If you’re visibly associated with a corporate blog should you also write a personal blog? If you do how far can you push your own opinions, especially when they might differ from the official stance at your company? Could your personal blog come back to hurt the company you work for? Might co-workers find your blog and begin to think less of you? Could any of these things ultimately hurt your career?
These are some of the questions Kristine is wondering about at the moment and which led her to start a thread at Small Business Forum to get some feedback.
Here’s the dilemma. I know (and I can’t emphasize this strongly enough) that I would talk about everything. It’s very unlikely that any subject would be off limits, and I would be honest.
Several of my work friends are very computer literate, read blogs already, and would certainly find the blog.

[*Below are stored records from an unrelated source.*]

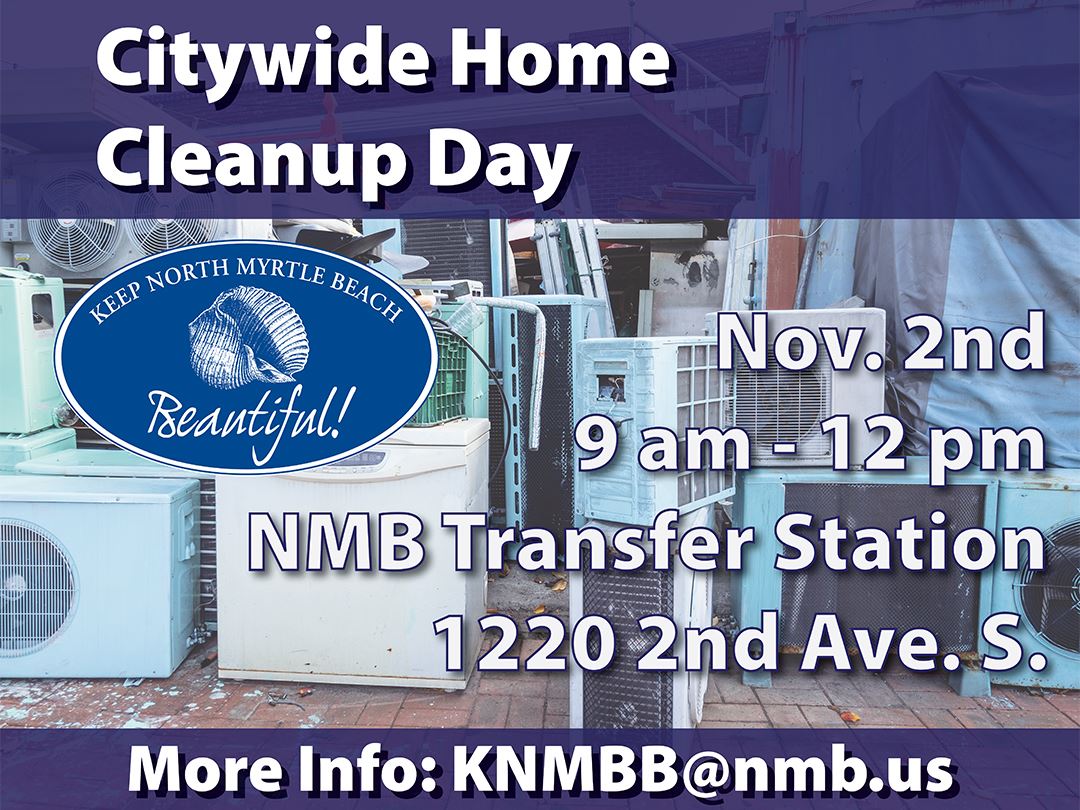Citywide Cleanup 2024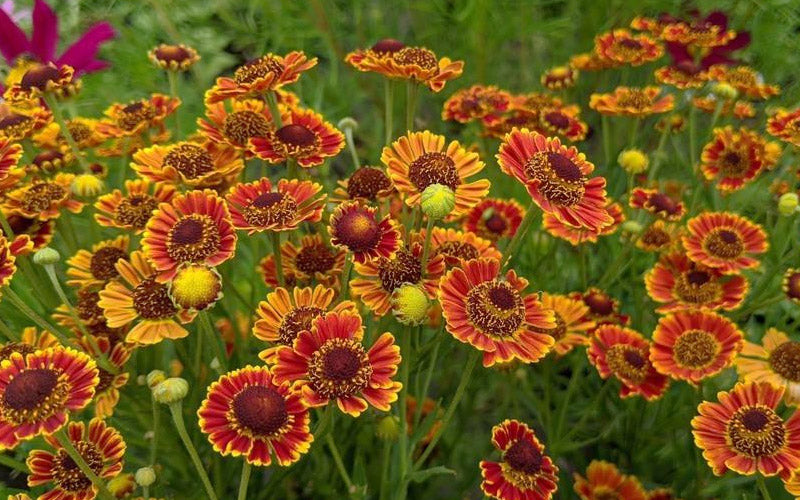  Mariachi 'Fuego' Helen's Flower (Helenium) - 1 Gallon Pot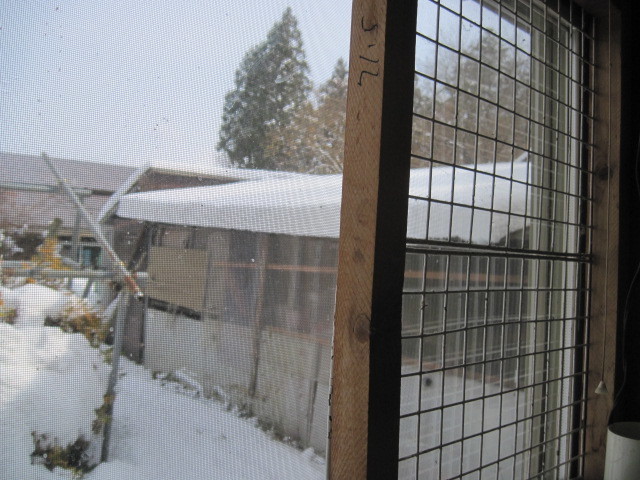 a0023916_15242145.jpg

Not to mention customers for our companies, who read the blogs I write for work under my own name, who could also easily find a personal blog if I wrote as myself.
my options, as I see them, are three. 1)Don’t have a personal blog at all, 2)write the personal blog under some sort of penname, or 3) say the heck with it and write it as myself and take the consequences as they come.

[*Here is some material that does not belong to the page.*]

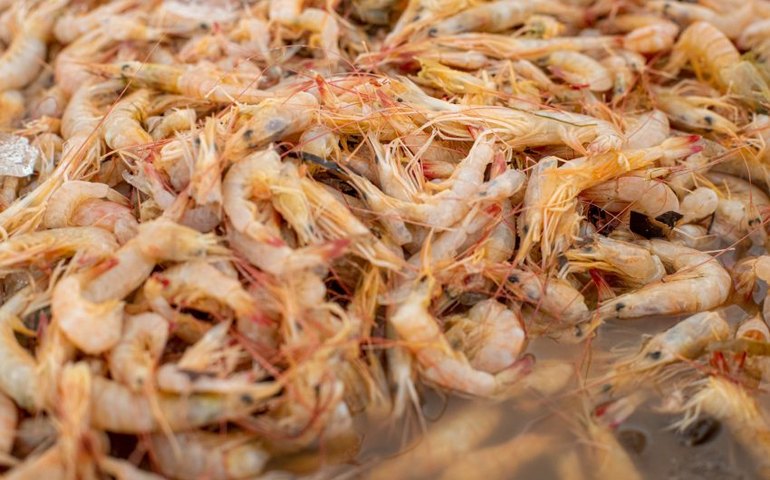 Após defeso pescadores voltam a pescar camarões no mar de Maceió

The issue isn’t one that really has an answer and definitely not one answer that would apply to all people and companies. In the end this is one of those decisions you have to make for yourself and Kristine will need to evaluate and weigh the pros and cons and decide what’s best for her.
Can you do something to prevent employers from discovering your blog? If you put something online you have to accept that anyone might find it. Writing under a pen name will work only so far, though it can help to hide things to some extent. Another option is adding a noindex meta robots tag or using a robots.txt file to let search engines know not to index your personal blog. You can also make sure not to tell anyone with a connection to your company abut your blog. By making your blog harder to find it becomes less likely someone will find it. Of course if you make it so hard to find why have a blog in the first place?
You could also make it difficult to tell that the same person writing your blog is the same person writing your company blog. The more common your name the easier it is to do, but if you stay away from revealing things that could identify you at both it might not be so hard.
Potential Benefits Of A Personal Blog
It’s probably easier to see the downside here, but writing a personal blog could actually benefit both you and your company. Off the top of my head:
- Your blog becomes popular directing more traffic and customers to your company
- Your opinions lead to more transparency and trust in both you and your company
- Your blog gives you an outlet for writing about topics you can’t on your company blog, which allows you to grow as a writer
- Your co-workers and employers like your blog leading to a better career path in your current company
- Your blog leads to greater personal branding leading to a better career path
All of the above are realistic. Sharing your opinions doesn’t have to be bad. It comes down to what opinions you share and how you share those opinions. A few quick searches led me to examples of personal blog success stories.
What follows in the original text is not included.